My second question is to Ms Mary Lou O’Kennedy. I like the name like the Mary Lou, so I will ask Mary Lou. The Government is effectively telling some children that their separation and suffering is not worthy of compensation and telling women that their suffering could be worth as little as €5,000. What would a universal common experience scheme look like? Can Ms O’Kennedy expand on her call for an additional 12 categories of claim to be considered?

Ms Mary Lou O'Kennedy

I can tell the Deputy what the survivors expressed to us. The overriding wish from them, as I said, was that it would be a common experience payment and there would not be a burden of proof on them to prove trauma or harms done. The kind of financial figure that was discussed for an interim payment - which would not be the totality of the payment, but an immediate interim payment - was estimated to be on average about €15,000. Other than that, there was much ambivalence by the survivors to put a figure on compensation because there was a sense that moneys would be seen as some form of compensation, and what they had experienced could not be compensated for. Figures went up to €200,000. People looked at what they could potentially seek as way of payment through the courts if they were to take a legal action around their experience. The amounts, I suppose, were not specific in the totality.
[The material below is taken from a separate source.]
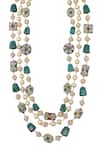 Shop_Tad Accessories_Green Gold Finish Kundan Necklace _at_Aza_Fashions
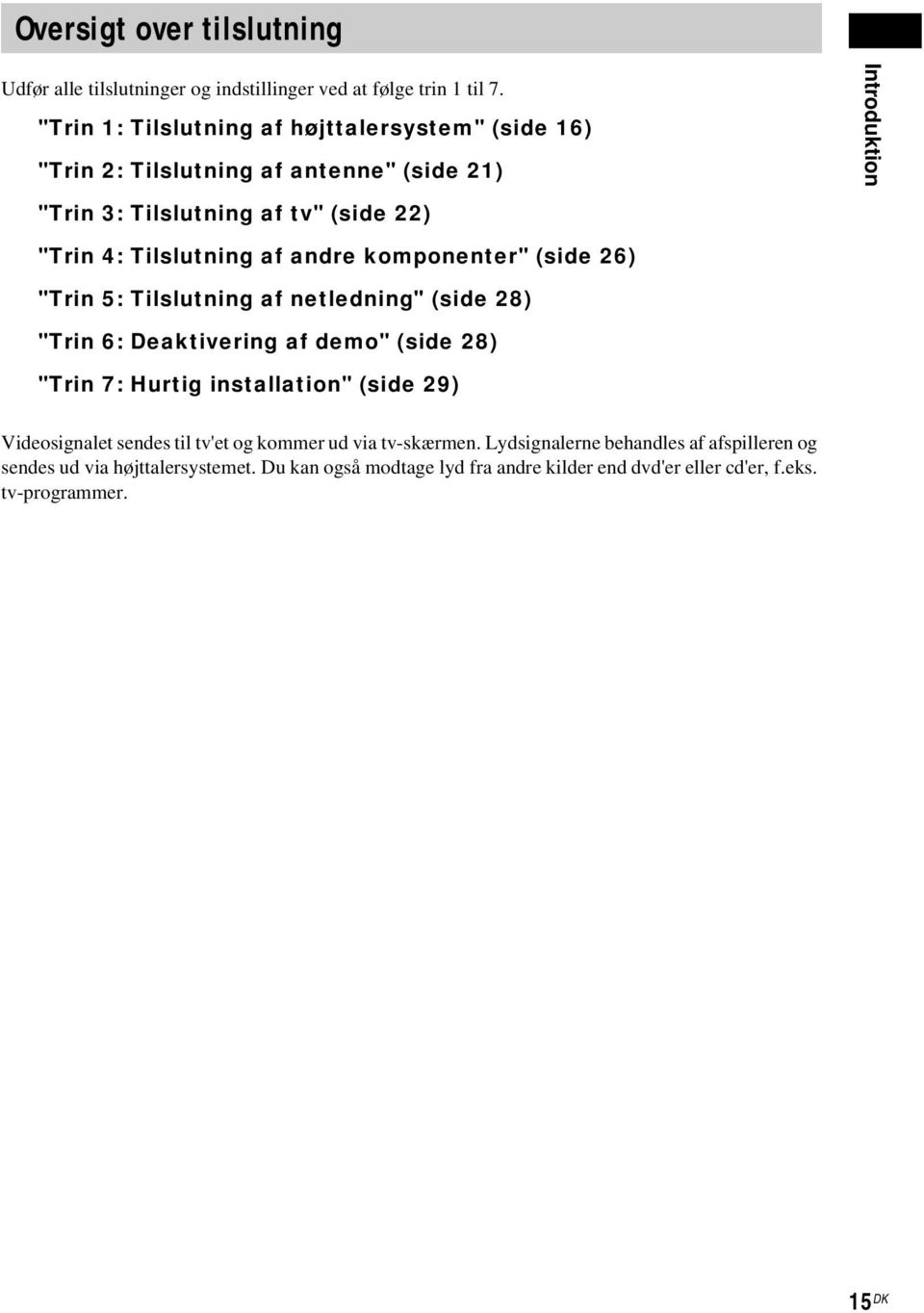 Tilslutning af andre komponenter" (side 26) "Trin 5: Tilslutning af netledning" (side 28) "Trin 6: Deaktivering af demo" (side 28) "Trin 7: Hurtig installation"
The kinds of harms that were referred to were extensive. There are 17 listed in the report: the loss of the mother-child relationship; the impact of psychological abuse that was suffered; the suffering inflicted as a consequence of a lack of proper vetting of family placements for children placed in the community; the damaging consequences of the withholding of personal information for mother and child survivors; the economic exploitation of work undertaken without payment, which was recognised; the suffering and harmful consequences of physical and-or sexual abuse in some of the placements and experiences of children; the impact of unspecified abuse or treatment; opportunities lost due to the lack of education, which has not been acknowledged; arbitrary detention and coercive control; the negative effects of stigma and discrimination, which have been recognised; greater harm experienced by those of mixed race; the suffering associated with the loss of the father, siblings and extended family relationships; the harm inflicted as a result of racial profiling and suppression of ethnic identity; health issues related to the lack of information or neglect; non-consensual participation in vaccine trials, which was a significant one; and the consequences of the loss of nationality and heritage.

There are so many impacts and harms experienced that the way it is set out in the Bill by comparison is so limited that it does not reflect the experience of the survivors.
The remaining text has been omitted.